On Friday, February 7, 2020 at 6:16:45 PM UTC-6, Bruce wrote:
>
> On Sat, Feb 8, 2020 at 4:33 AM Stathis Papaioannou <[email protected] 
> <javascript:>> wrote:
>
>> On Fri, 7 Feb 2020 at 15:59, Bruce Kellett <[email protected] 
>> <javascript:>> wrote:
>>
>>>
>>> This argument from Kent completely destroys Everett's attempt to derive 
>>> the Born rule from his many-worlds approach to quantum mechanics. In fact, 
>>> it totally undermines most attempts to derive the Born rule from any 
>>> branching theory, and undermines attempts to justify ignoring branches on 
>>> which the Born rule weights are disconfirmed.
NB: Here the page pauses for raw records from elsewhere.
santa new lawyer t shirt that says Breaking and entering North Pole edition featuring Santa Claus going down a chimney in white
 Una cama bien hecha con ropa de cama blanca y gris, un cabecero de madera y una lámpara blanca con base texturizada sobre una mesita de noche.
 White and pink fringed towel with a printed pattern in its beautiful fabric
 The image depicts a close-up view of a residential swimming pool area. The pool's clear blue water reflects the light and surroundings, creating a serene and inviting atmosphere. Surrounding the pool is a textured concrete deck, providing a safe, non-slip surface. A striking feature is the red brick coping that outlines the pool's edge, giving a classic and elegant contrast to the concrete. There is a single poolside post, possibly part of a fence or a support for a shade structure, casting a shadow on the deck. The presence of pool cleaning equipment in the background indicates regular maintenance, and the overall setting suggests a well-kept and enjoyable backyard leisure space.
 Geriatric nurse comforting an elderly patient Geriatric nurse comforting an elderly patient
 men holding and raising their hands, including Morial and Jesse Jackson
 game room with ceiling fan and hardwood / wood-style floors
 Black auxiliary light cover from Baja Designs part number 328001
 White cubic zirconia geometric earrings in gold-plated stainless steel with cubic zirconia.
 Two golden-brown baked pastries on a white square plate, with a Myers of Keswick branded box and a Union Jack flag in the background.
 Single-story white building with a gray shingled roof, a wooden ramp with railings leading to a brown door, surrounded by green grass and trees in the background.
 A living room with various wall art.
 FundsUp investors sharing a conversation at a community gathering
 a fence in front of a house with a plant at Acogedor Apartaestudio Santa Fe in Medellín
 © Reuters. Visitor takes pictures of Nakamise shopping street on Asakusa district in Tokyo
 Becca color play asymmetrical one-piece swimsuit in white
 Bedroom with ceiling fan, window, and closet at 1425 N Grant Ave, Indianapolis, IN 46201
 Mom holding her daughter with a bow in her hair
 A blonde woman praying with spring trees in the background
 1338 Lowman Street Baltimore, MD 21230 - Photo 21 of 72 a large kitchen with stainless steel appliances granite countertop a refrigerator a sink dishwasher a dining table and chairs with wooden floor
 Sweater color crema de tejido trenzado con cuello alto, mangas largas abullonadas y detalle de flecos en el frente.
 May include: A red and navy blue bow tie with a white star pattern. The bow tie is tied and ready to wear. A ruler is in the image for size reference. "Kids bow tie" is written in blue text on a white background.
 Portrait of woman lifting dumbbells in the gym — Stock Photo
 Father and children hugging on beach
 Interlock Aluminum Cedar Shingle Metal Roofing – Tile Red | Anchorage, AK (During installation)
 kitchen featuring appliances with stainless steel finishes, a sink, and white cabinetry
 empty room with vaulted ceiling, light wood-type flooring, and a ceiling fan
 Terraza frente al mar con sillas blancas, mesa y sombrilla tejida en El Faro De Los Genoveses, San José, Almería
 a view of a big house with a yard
In the many-worlds case, 
>>> recall, all observers are aware that other observers with other data must 
>>> exist, but each is led to construct a spurious measure of importance that 
>>> favours their own observations against the others', and  this leads to an 
>>> obvious absurdity. In the one-world case, observers treat what actually 
>>> happened as important, and ignore what didn't happen: this doesn't lead to 
>>> the same difficulty.
>>>
>>
Carroll and Sebens worked a paper a year ago illustrating how MWI was 
consistent with Born rule. They did have to restrict paths or states that 
were too far removed from being a good Bayeisan prior, so it is a bit 
loose. However, it was not bad.

The inability to define a clear probability to a particular world path is 
argued to be one reason that MWI is the best interpretation to work quantum 
gravitation. This is a sort of nonlocality. I am not sure this clinches MWI 
as the clearly superior interpretation. Much the same nonlocality can be 
identified with quantum spacetime if it is built up from quantum 
entanglements, thus avoiding the use of an interpretation.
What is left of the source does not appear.